Gaharu mempertimbangkan nilai jual, layak dari upaya peningkatan peran Gaharu sebagai alternatif untuk komoditas penyumbang devisa di samping sektor kehutanan dari hasil hutan kayu. Untuk mendapatkan manfaat maksimal dari nilai tambah dalam memanfaatkan komoditas tersebut, perlu bantuan kepada produsen dalam negeri untuk memproses informasi lebih lanjut gaharu, misalnya dalam bentuk produk akhir (olahan) seperti destilat gaharu, parfum, sumpit, dll dengan perdagangan nilai lebih tinggi.
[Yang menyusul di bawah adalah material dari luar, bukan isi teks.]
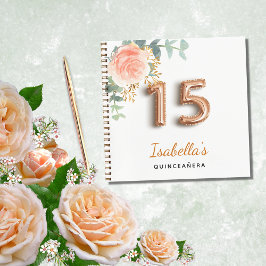 Gästebuch Quinceanera Rose Goldflorale Eukalyptus Notizbuch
Selain itu, untuk mendorong keseragaman dalam pengaturan kualita lapangan, keberadaan SNI gaharu seharusnya disosialisasikan di antara produsen, pedagang, dan konsumen. Selanjutnya, untuk menjamin keberlangsungan pasokan gaharu, perlu bimbingan kepada masyarakat upaya untuk panen gaharu dengan cara-cara yang mengabaikan aturan keberlanjutan. Akhirnya, untuk menghindari kepunahan gaharu, aturan atau prosedur CITES dalam perdagangan komoditas gaharu harus
diimplementasikan secara konsisten di lapangan oleh para pemangku kepentingan.